Excuse me, that second sentence should have read, “I will go further than you–the word “gentrification” did NOT enter the mainstream of American dialogue *in the 1970s”.
Now, the idea that somehow we must “get another definition” of gentrification is misleading–avoiding its use altogether because of the emotional valence of its application is not a wish to ‘broaden discussion.’ Especially when it is ACTUALLY NOW that the term is entering mainstream consciousness, and NOT for the past 30 years as you have mistakenly characterized it–unless, of course, you assume that “mainstream consciousness” is elite academia where the word actually existed for the past 70 years [not 40 years as in your estimate] except when it was extricated from those remote sections by, ironically enough, Hispanic advocacy which indeed labored to “expand mainstream consciousness” [in the 1970s by Hispanic advocacy in Brownstone Brooklyn, and in the 1990s by Hispanic provocation in Southside Williamsburg–outside of these two venues, the word has had a marginal existence in “mainstream consciousness”].
But to further this “conversation” on “gentrification-avoided-like-the-plague-and-not-because-it-is-too-mainstream-and-not-hip-enough-for-us-though-we-don’t-know-what-it-actually-means”, I will copy-paste what is actually meant by “gentrification” and weigh it against what you hint and wink and think is gentrification, from the Gothamist comments section, “Williamsburg’s Condo the Edge Opens Its First Rock’n’Roll Place”:
“Let’s put aside the word “change” for the second because “change” is universal and that makes it useless to think any further about things when we say “they change.” All things “change”–this is axiomatic. What TYPE of change is gentrification?–this is what is important. Gentrification is preeminently displacement–“gentrification” is NOT what it is most popularly coupled with, “development.” “Development” is an entirely discrete other phenomenon, both historically and theoretically. Genuine development can transpire without displacement–opposing gentrification does not mean opposing new people in their neighborhood, or a new building, or a new business, but all these things can be, as they are in Williamsburg, incidental to gentrification so it is impossible to discuss gentrification without first discussing the current state of development in places we know to be “gentrifying.”

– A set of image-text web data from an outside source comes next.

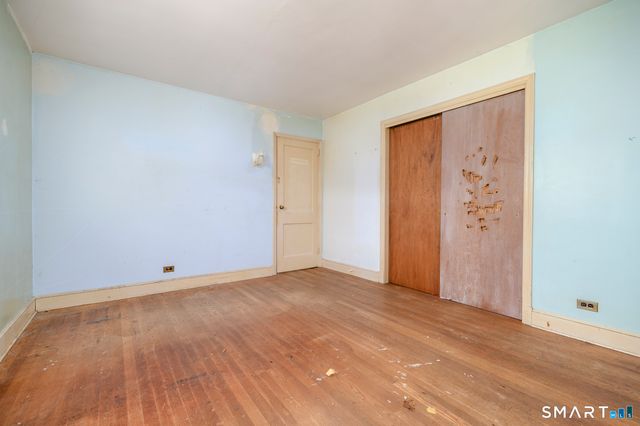 9 Penzance Road, Stamford, CT 06902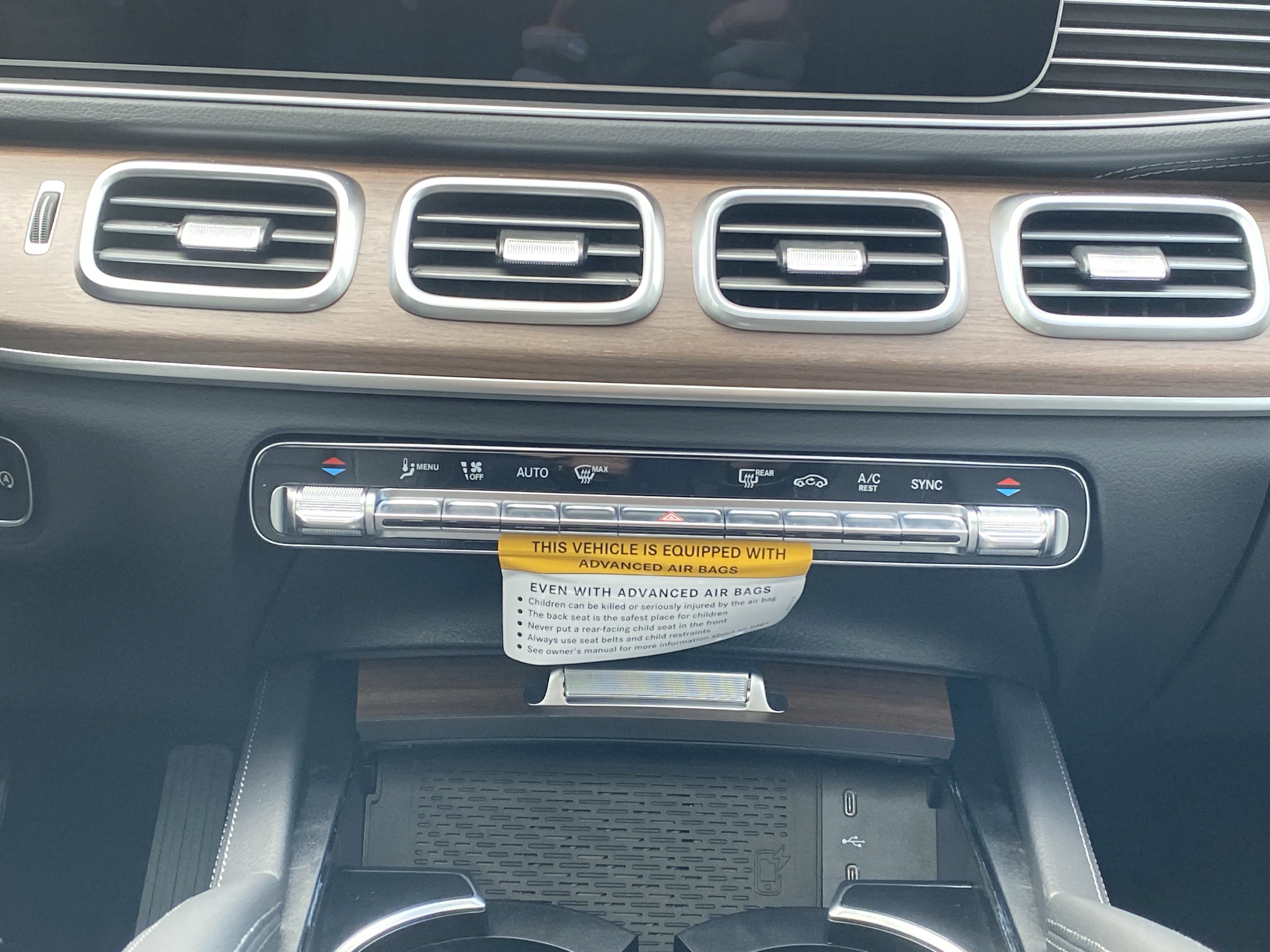 New 2026 Mercedes-Benz GLE 450 4MATIC Coupe image 24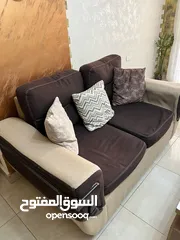  7 طقم كنب كورنر بحالة ممتازة استعمال  خفيف قماش ثقيل  تفصيل سفنج عالي خشب تقيل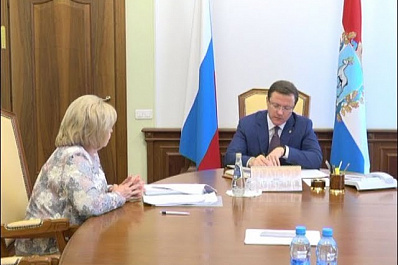 Дмитрий Азаров провёл рабочую встречу с Ольгой Гальцовой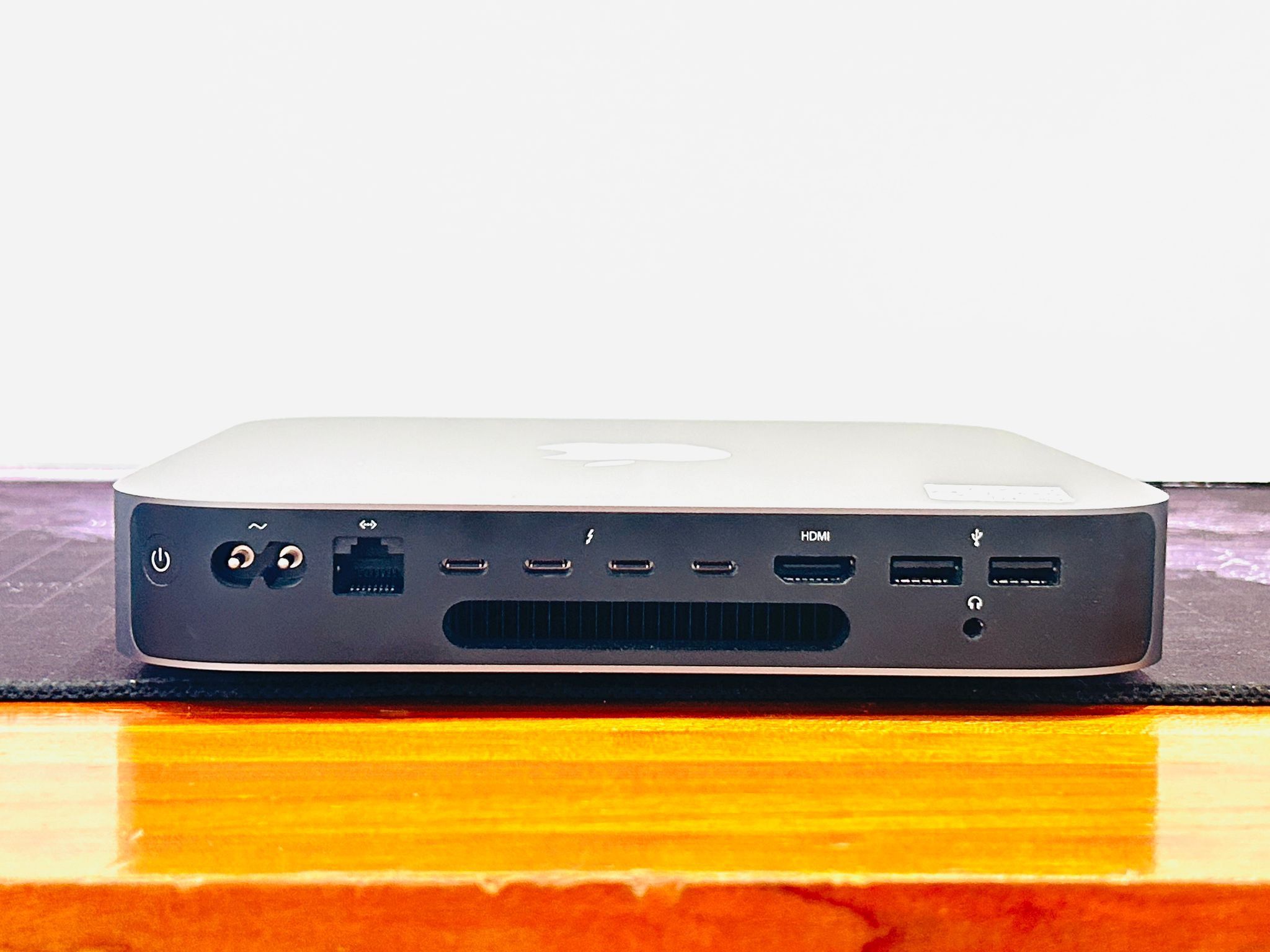 Mac mini Late-2018／ Core_i3 3.6GHz 8GB Apple Mac Mini 2018 3.6Ghz QuadCore i3 8GB 256GB OS SONOMA Four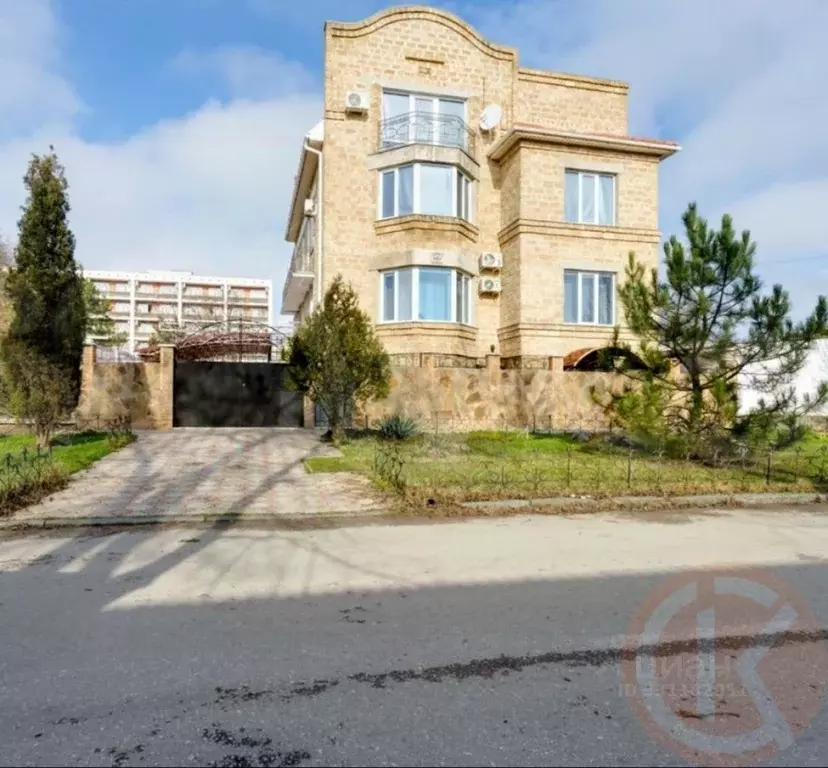 Дом в Крым, Евпатория ул. Кирова, 76А (561 м) - Фото 2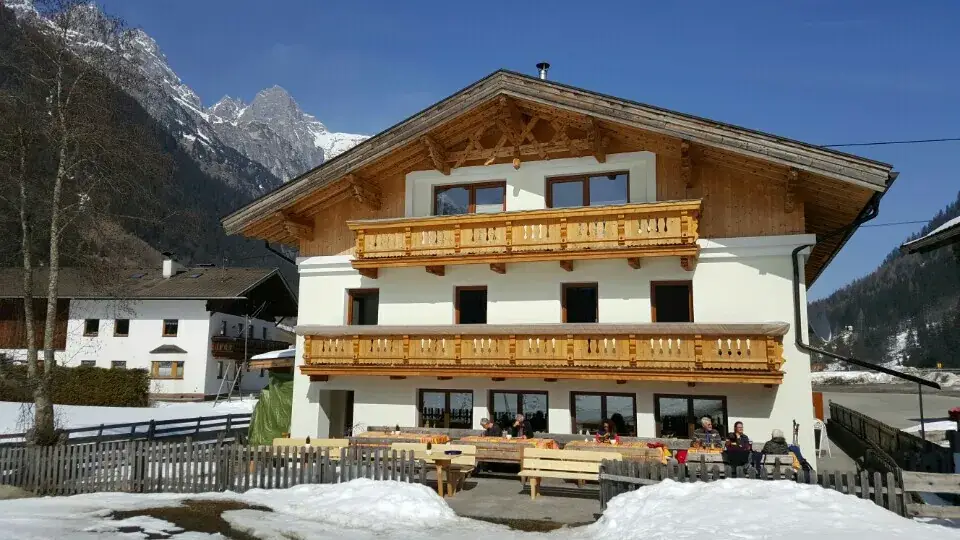 Sasha Taylor_Gasthof Feuerstein_Gschnitz_avis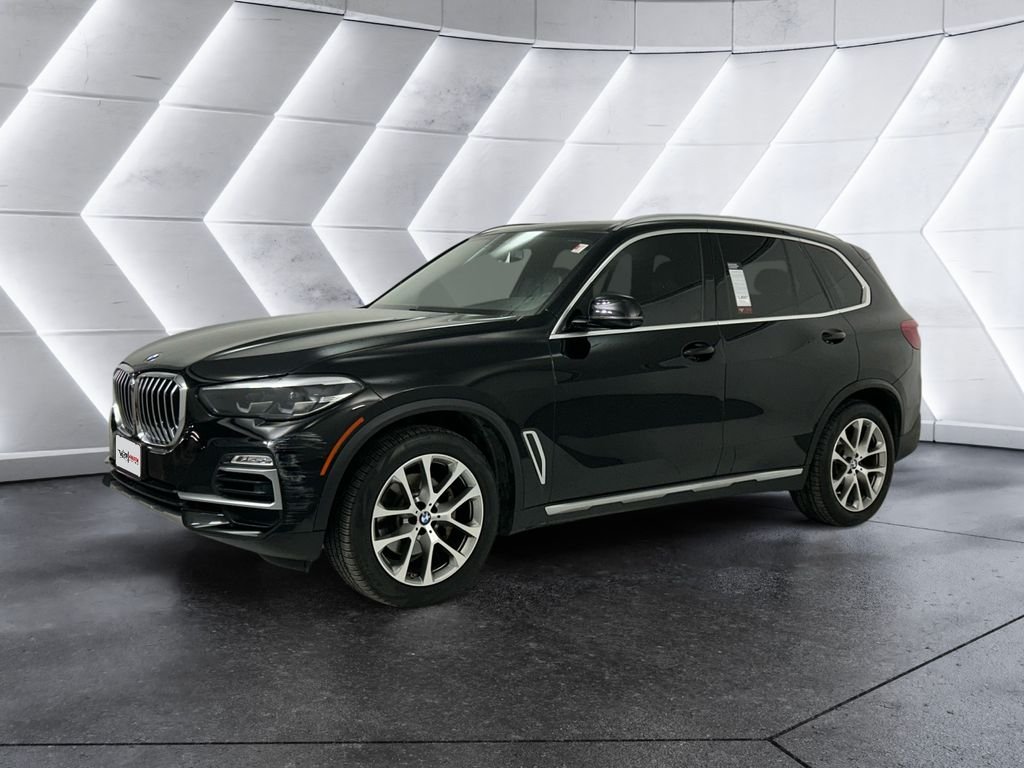 Used 2020 Black BMW sDrive40i image 3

When we say “displacement” in Williamsburg we mean specifically the Puerto Rican and Hispanic community of Williamsburg but we don’t mean it generally. Generally speaking, gentrification displaces the poor with the middle class. But the specific circumstances of the gentrification of Williamsburg center around the unique history of her Puerto Ricans and Dominicans. This doesn’t mean that the Poles in Greenpoint haven’t also experienced displacement, but it is the Puerto Rican and Hispanic groups who are consistently, implicitly and explicitly referred to when the neighborhood’s past is dredged up to justify the gentrification, i.e. “Williamsburg demonology.” This is how we know the gentrification of Williamsburg is not about “development” because it makes no reference to any “achievement” or “action” or “cause” or “philosophy” or “school” or “thinking” or “mode” or “artwork”–more than anything Williamsburg is held up as an “improvement on the before.”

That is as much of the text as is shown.